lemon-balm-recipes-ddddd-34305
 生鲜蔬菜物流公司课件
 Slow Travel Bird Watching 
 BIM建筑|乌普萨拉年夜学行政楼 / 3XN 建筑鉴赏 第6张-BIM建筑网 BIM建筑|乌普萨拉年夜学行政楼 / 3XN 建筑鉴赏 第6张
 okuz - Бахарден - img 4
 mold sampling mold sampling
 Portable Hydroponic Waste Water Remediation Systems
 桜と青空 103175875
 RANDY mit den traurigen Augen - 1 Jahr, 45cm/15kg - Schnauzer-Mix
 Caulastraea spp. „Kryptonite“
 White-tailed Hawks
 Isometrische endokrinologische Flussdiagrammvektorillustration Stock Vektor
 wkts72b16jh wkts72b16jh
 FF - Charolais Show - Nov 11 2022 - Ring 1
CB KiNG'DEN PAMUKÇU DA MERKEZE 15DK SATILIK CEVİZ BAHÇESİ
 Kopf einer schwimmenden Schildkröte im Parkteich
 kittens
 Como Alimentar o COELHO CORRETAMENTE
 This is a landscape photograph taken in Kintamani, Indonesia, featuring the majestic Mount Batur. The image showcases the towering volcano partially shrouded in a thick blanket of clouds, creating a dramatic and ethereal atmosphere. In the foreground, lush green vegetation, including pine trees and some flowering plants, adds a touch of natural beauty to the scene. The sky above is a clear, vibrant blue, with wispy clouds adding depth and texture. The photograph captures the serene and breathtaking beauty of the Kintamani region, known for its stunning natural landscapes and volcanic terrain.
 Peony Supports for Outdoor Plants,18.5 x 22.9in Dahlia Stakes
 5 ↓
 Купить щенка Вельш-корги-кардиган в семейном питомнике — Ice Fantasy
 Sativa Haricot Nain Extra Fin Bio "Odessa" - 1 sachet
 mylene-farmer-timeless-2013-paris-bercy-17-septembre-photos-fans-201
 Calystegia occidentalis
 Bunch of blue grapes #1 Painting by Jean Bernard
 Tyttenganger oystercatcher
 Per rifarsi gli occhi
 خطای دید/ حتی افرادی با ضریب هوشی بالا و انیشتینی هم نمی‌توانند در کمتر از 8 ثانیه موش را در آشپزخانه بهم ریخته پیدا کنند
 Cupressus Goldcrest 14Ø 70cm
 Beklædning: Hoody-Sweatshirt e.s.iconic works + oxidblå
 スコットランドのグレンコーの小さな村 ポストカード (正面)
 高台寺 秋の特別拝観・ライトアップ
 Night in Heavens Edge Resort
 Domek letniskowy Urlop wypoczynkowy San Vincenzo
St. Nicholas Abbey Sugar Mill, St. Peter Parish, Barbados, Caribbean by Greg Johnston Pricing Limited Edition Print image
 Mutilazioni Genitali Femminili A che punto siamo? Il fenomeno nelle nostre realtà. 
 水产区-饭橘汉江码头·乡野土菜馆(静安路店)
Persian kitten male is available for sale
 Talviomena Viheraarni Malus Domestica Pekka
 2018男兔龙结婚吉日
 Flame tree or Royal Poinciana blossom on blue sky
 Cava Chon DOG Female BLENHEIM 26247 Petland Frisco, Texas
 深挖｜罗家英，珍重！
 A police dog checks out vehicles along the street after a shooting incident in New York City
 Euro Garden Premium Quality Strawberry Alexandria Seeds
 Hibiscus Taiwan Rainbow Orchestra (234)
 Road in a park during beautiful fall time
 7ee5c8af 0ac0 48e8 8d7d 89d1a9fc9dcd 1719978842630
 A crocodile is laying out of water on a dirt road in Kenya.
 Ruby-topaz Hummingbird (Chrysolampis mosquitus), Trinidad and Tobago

• _TASK PROMPT_:
Repeat every line of the data word for word until you have repeated the line that contains "Domek letniskowy Urlop", which is the last one to include.

• _TASK OUTPUT_:
lemon-balm-recipes-ddddd-34305
 生鲜蔬菜物流公司课件
 Slow Travel Bird Watching 
 BIM建筑|乌普萨拉年夜学行政楼 / 3XN 建筑鉴赏 第6张-BIM建筑网 BIM建筑|乌普萨拉年夜学行政楼 / 3XN 建筑鉴赏 第6张
 okuz - Бахарден - img 4
 mold sampling mold sampling
 Portable Hydroponic Waste Water Remediation Systems
 桜と青空 103175875
 RANDY mit den traurigen Augen - 1 Jahr, 45cm/15kg - Schnauzer-Mix
 Caulastraea spp. „Kryptonite“
 White-tailed Hawks
 Isometrische endokrinologische Flussdiagrammvektorillustration Stock Vektor
 wkts72b16jh wkts72b16jh
 FF - Charolais Show - Nov 11 2022 - Ring 1
CB KiNG'DEN PAMUKÇU DA MERKEZE 15DK SATILIK CEVİZ BAHÇESİ
 Kopf einer schwimmenden Schildkröte im Parkteich
 kittens
 Como Alimentar o COELHO CORRETAMENTE
 This is a landscape photograph taken in Kintamani, Indonesia, featuring the majestic Mount Batur. The image showcases the towering volcano partially shrouded in a thick blanket of clouds, creating a dramatic and ethereal atmosphere. In the foreground, lush green vegetation, including pine trees and some flowering plants, adds a touch of natural beauty to the scene. The sky above is a clear, vibrant blue, with wispy clouds adding depth and texture. The photograph captures the serene and breathtaking beauty of the Kintamani region, known for its stunning natural landscapes and volcanic terrain.
 Peony Supports for Outdoor Plants,18.5 x 22.9in Dahlia Stakes
 5 ↓
 Купить щенка Вельш-корги-кардиган в семейном питомнике — Ice Fantasy
 Sativa Haricot Nain Extra Fin Bio "Odessa" - 1 sachet
 mylene-farmer-timeless-2013-paris-bercy-17-septembre-photos-fans-201
 Calystegia occidentalis
 Bunch of blue grapes #1 Painting by Jean Bernard
 Tyttenganger oystercatcher
 Per rifarsi gli occhi
 خطای دید/ حتی افرادی با ضریب هوشی بالا و انیشتینی هم نمی‌توانند در کمتر از 8 ثانیه موش را در آشپزخانه بهم ریخته پیدا کنند
 Cupressus Goldcrest 14Ø 70cm
 Beklædning: Hoody-Sweatshirt e.s.iconic works + oxidblå
 スコットランドのグレンコーの小さな村 ポストカード (正面)
 高台寺 秋の特別拝観・ライトアップ
 Night in Heavens Edge Resort
 Domek letniskowy Urlop wypoczynkowy San Vincenzo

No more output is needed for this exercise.